Detroit

Rare in Michigan: Feds in Detroit set to seek death penalty against gang members


January 8, 2018

Federal prosecutors filed a rare “Notice of Intent to Seek the Death Penalty” on Monday in Detroit in the case of a gang suspect who is charged with a raft of murderous crimes.

And Billy Arnold, 31, likely won’t be the only member of the Seven Mile Bloods to be fighting for life in U.S. District Court in Detroit, according to court officials.

Arnold is one of several members of the gang facing charges where the death penalty may be applied, officials said Monday. The Department of Justice is reviewing those cases to determine whether the death penalty should be invoked, they said.

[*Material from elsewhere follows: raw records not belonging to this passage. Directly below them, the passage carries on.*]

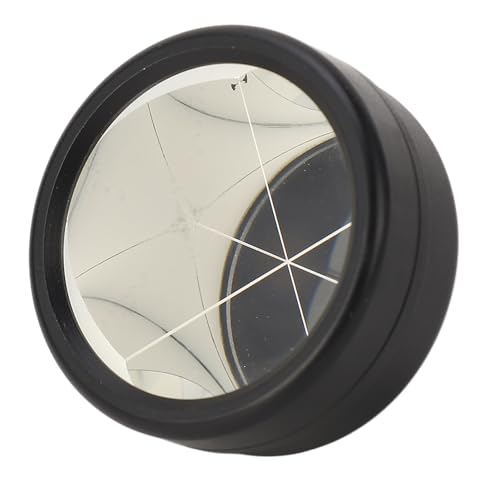 Riflettore Prismatico AY03 Stazioni Totali Rilievo Prismatico Sostituzione Prisma con Copertura per Gallerie Strade Ponti Dighe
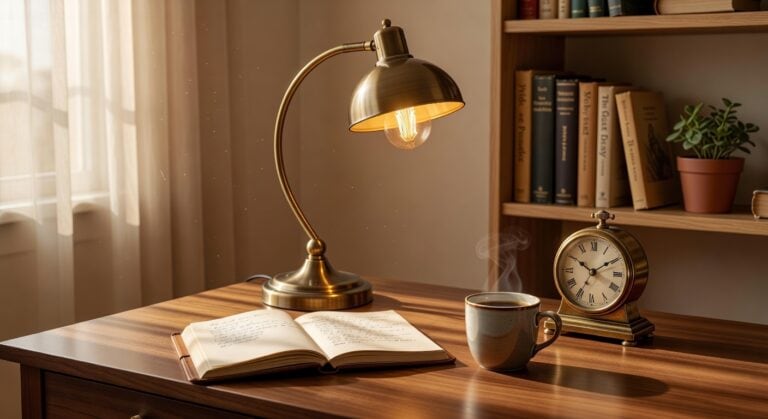 functional stylish desk lamp recommendations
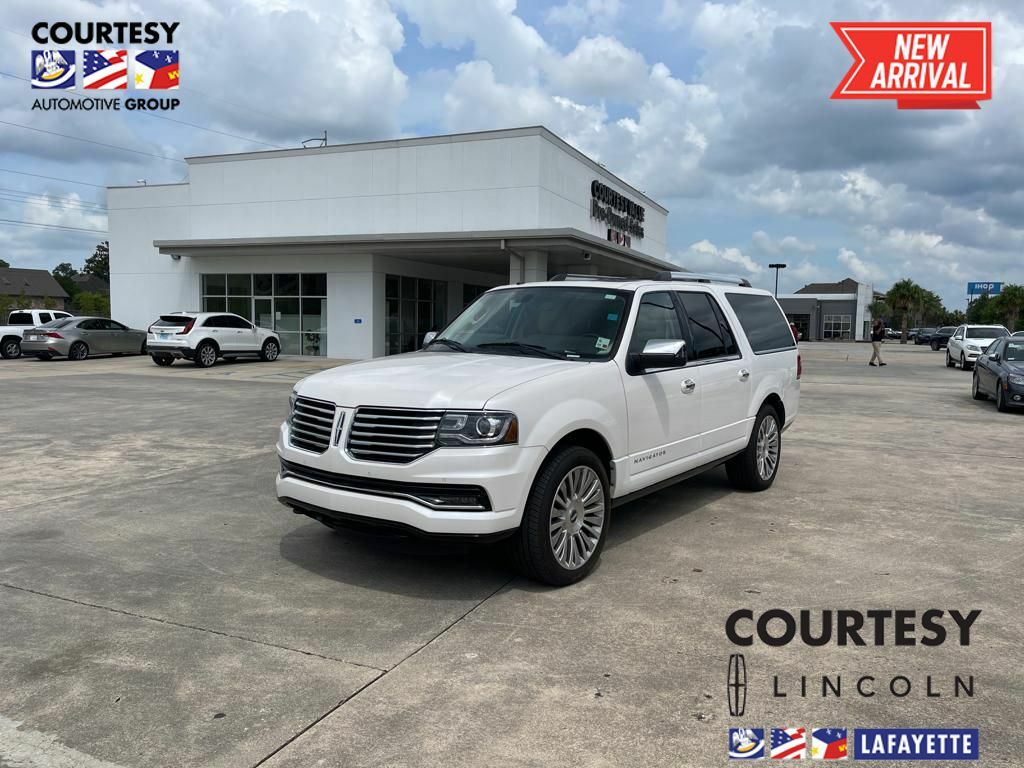 Lincoln Navigator L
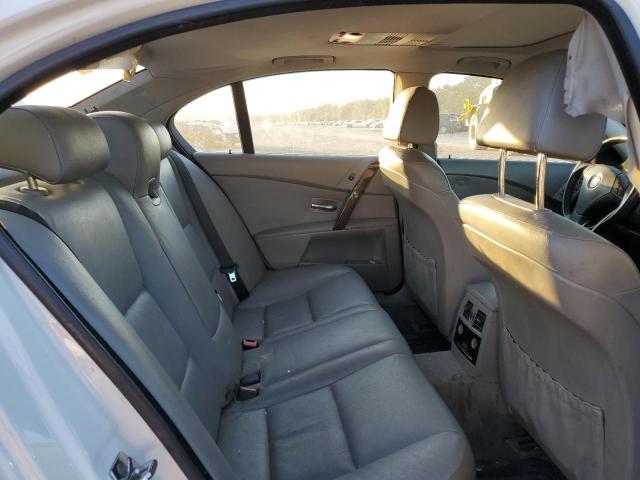 Photo 6 from auction – 2007 BMW 525 I with VIN WBANE53567CK91878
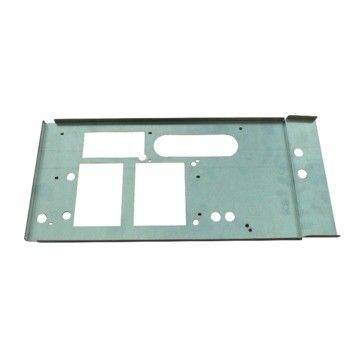 E-coating alluminio acciaio carbonio lamiera di metallo conchiglie stampaggio saldatura perforatura fabbricazione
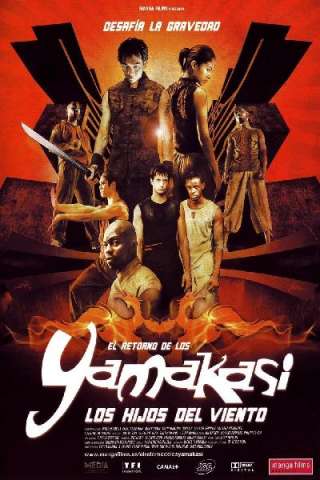 The great challenge - I figli del vento (2004) streaming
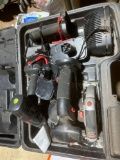 Circular saw, drill, charger and battery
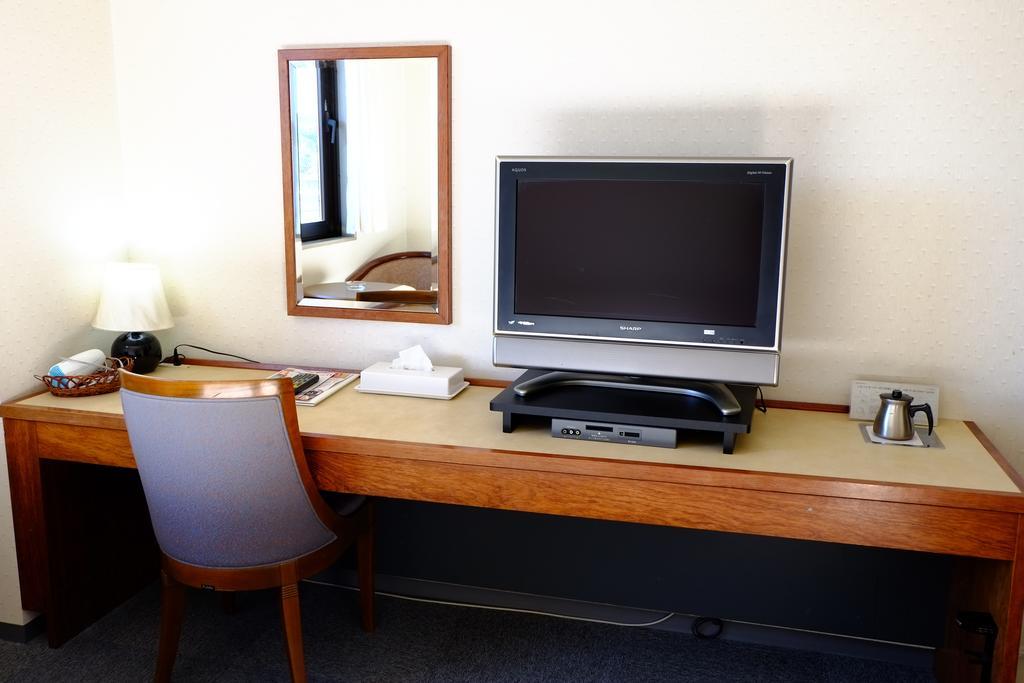 Hotel Fuyokaku Fujiyoshida Habitación foto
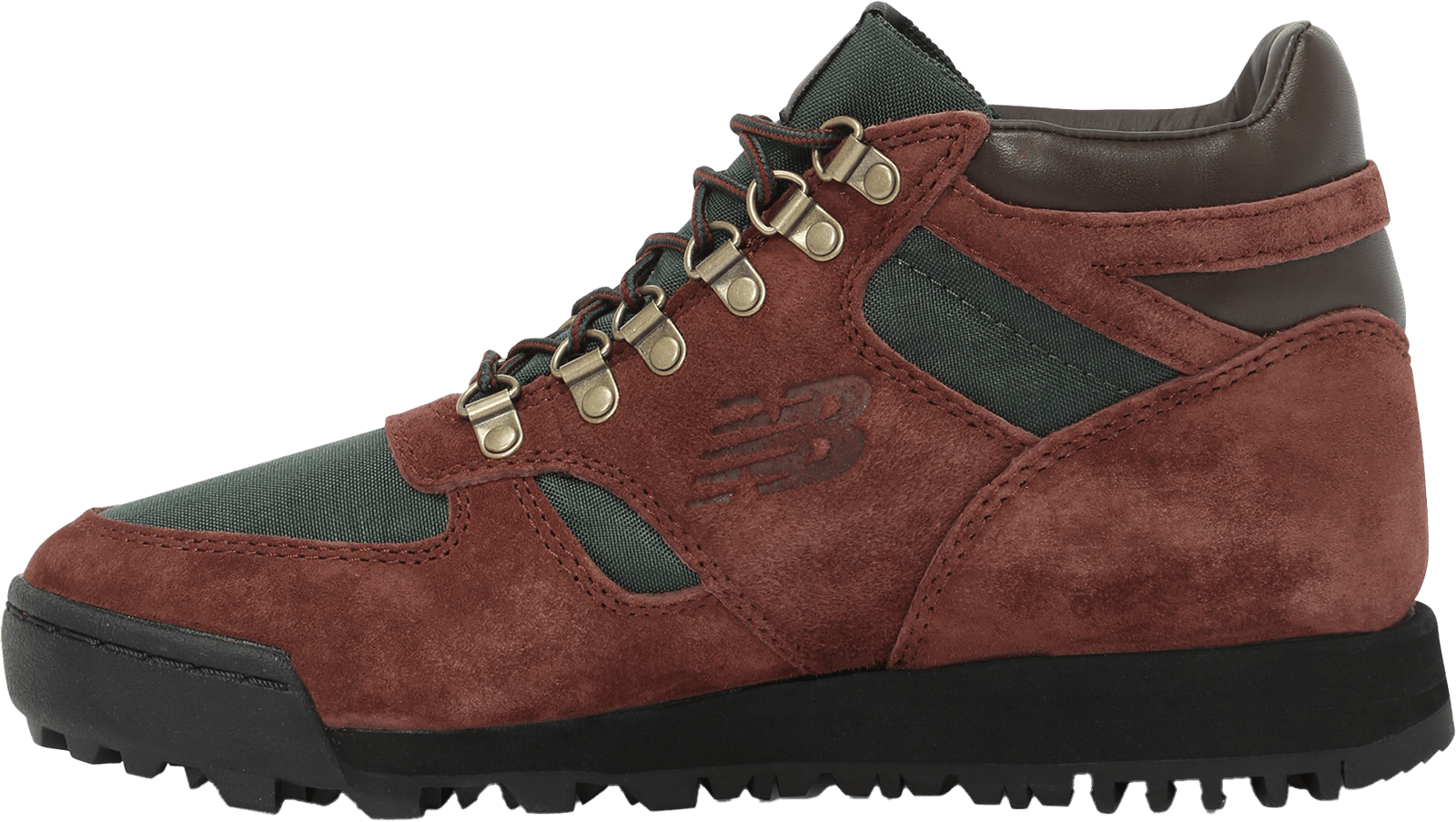 New Balance Rainier Marblehead Brown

Although Michigan was the first state to ban the death penalty in state courts — in 1847 — capital punishment can still be sought in federal cases. Arnold was charged in March 2016, along with six other gang members, with murder in aid of racketeering, attempted murder, RICO conspiracy and other crimes. The Seven Mile Bloods gang has been linked in court pleadings to trafficking in prescription pills and to using violence to protect their sales turf.

Arnold, in particular, “has demonstrated a lack of remorse (and) participated in the killings of more than one victim,” U.S. Attorney Matthew Schneider said in blunt language filed Monday in the case. Prosecutors say Arnold is known by nicknames “B-Man” and “Killa.” He was released in March 2015 from state prison, after serving several years for convictions in state courts on assault and gun charges.